Особенностью такого аргумента является то, что он приписывает неравные права женщин особой либеральной версии демократии; в этом она сходна с типичными для многих дискуссий 1970‑х и 1980‑х гг. рассуждениями о демократии. На ранних этапах современного женского движения к либеральной демократии относились с пренебрежением за ее чрезмерный индивидуализм и наивную уверенность в равных правах, и феминистки особенно противились тем технологиям, с помощью которых либерализм придал новую форму различию между общественной и частной жизнью как совершенно отдельным сферам. Это различие трактовало неравенство в частной сфере как несущественное для функционирования демократии, игнорируя то обстоятельство, что неравенство полов в семье или в работе могло влиять на возможности женщин как политически равноправных индивидуумов [14, ch.4]. Резкое различие между общественной и частной сферами также сделало домашние властные связи предметом индивидуального «выбора» или личного компромисса и не включало их в сферу деятельности демократии. С точки зрения феминисток, демократические идеалы нужно было применять на практике: «на кухне, в детской и спальне» [11, p.216]. Эта более честолюбивая программа демократизации соединила феминизм с традицией участия больше, чем либеральная демократия.

Анализ гендерного подтекста политической теории, сделанный Пейтман, был повторен в различных областях. Теоретики феминизма обратили внимание на то, что личность в теории либеральной демократии — это мужчина, являющийся главой семьи [9]; что мужчины были включены в демократию как граждане-воины, а женщины как граждане-матери [10]; что представление о равенстве, различии и недостаточности «предполагает стандарт обычного состояния, присущий мужскому» [7, p.215]. Необходимо отметить, что большинство из этих аргументов, сочетают в себе две различные точки зрения. Во-первых, они привлекают внимание к тому, что предположительно гендерно-нейтральные категории создают предпочтения для мужчин. Само по себе это, по-видимому, ведет к созданию относительно подлинного гендерного нейтралитета, не делающего различия между полами. Но этот первый аргумент часто объединяют со вторым, представляющим гендерный нейтралитет как преступление. В работе Кэрол Пейтман, например, «личность» в теории либеральной демократии либо отождествляется с мужским полом, либо вообще отделяется от конкретного воплощения. Предложение Пейтман состояло в том, чтобы не устранять мужские характеристики личности, но при этом развивать демократию в направлении, которое может признать и женщин и мужчин. Сейчас все демократии беспристрастны к различиям полов, и данный принцип позволяет им провозглашать гражданство с равными возможностями, как для женщин, так и для мужчин. Эта беспристрастность, однако, является частью того, что критикуют феминистки. Отделяя себя от того, что практически или физически является особым, демократическая теория вынуждена признать в качестве своих норм те, что принадлежат исключительно одному из полов.

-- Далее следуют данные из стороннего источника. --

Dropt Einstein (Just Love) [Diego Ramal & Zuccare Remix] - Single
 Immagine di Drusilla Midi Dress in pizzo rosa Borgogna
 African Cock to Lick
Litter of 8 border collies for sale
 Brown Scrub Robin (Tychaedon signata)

«Для того чтобы стать гражданином, нужно заменить собственную личность абстрактной, общественной личностью», и этот обмен рассматривается как особенно выгодный мужчинам [4, p.784]. Обратите внимание на равновесие, которое мужчины и женщины должны были установить между общественной и частной жизнью, и на ту легкость, с какой мужчины отделяют себя (и практически и эмоционально) от частных или домашних забот. В «мужской» норме демократической политики границы между общественным и частным миром соблюдаются четко, и индивиды, отклоняющиеся от этих норм и пересекающие границы, будут считаться разрушителями или чудаками, неприспособленными к стандартам демократической жизни. Критика данных нейтральных стандартов, может относиться, в равной степени, как к мужчинам, так и к женщинам. Но поскольку общественные характеристики являются гендерными, политические нормы оказываются трактовкой, содержащей обращение к мужчинам.